1. Using informal language in medical letters ⚠️
Many candidates use casual expressions because they translate directly from everyday English.
Incorrect:
“The patient is feeling really bad and needs help ASAP.”
Correct:
“The patient is in significant discomfort and requires urgent medical attention.”
📋 Why it happens: Candidates confuse conversational English with professional clinical tone.
2. Incorrect medical terminology ⚠️
Using the wrong term can completely change clinical meaning.
Incorrect:
“High sugar pressure”
Correct:
“Elevated blood glucose levels”
📋 Why it happens: Direct translation from native language or lack of medical vocabulary.
3. Poor structure in referral/discharge letters 📋
Some candidates write information in random order instead of following a logical format.
Incorrect:
Mixing symptoms, history, and request without clear paragraphing.
Correct:
- Introduction (patient details & purpose)
- Medical history
- Current condition
- Action required
📋 Why it happens: Lack of familiarity with OET letter conventions.

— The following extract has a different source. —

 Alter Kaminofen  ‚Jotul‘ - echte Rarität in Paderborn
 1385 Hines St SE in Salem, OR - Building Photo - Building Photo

4. Misunderstanding case notes ⚠️
Candidates sometimes misinterpret abbreviations or key clinical information.
Incorrect:
Interpreting “SOB” as emotional distress instead of “shortness of breath.”
Correct:
Accurately using: “The patient reports shortness of breath (SOB).”
📋 Why it happens: Limited exposure to clinical abbreviations and case formats.
5. Grammar errors affecting clarity ✍️
Small grammar mistakes can make instructions unclear.
Incorrect:
“She have pain in chest and need scan.”
Correct:
“She has chest pain and requires a scan.”
📋 Why it happens: Interference from native language grammar structures.
6. Overcomplicating sentences 🎯
Some candidates try to sound “advanced” by writing overly long sentences.
Incorrect:
“The patient, who was admitted yesterday because of severe symptoms that started suddenly, is currently being observed in the ward and may require further treatment depending on his condition which is unstable.”
Correct:
“The patient was admitted yesterday due to sudden severe symptoms. He is currently under observation and may require further treatment.”
📋 Why it happens: Belief that longer sentences show higher English level.
How to Improve Your OET Writing Skills ✍️
- Practice writing with a strict clinical structure.
- Build a personal glossary of medical terminology.
- Learn common abbreviations used in case notes.
- Focus on clarity, not complexity.
- Review model answers regularly.
- Time yourself to simulate exam conditions.
In the OET exam—and in real healthcare settings—clarity saves lives. Avoiding these common mistakes will not only improve your score but also ensure your communication is safe, professional, and effective. Remember: in medical English, accuracy is more important than complexity.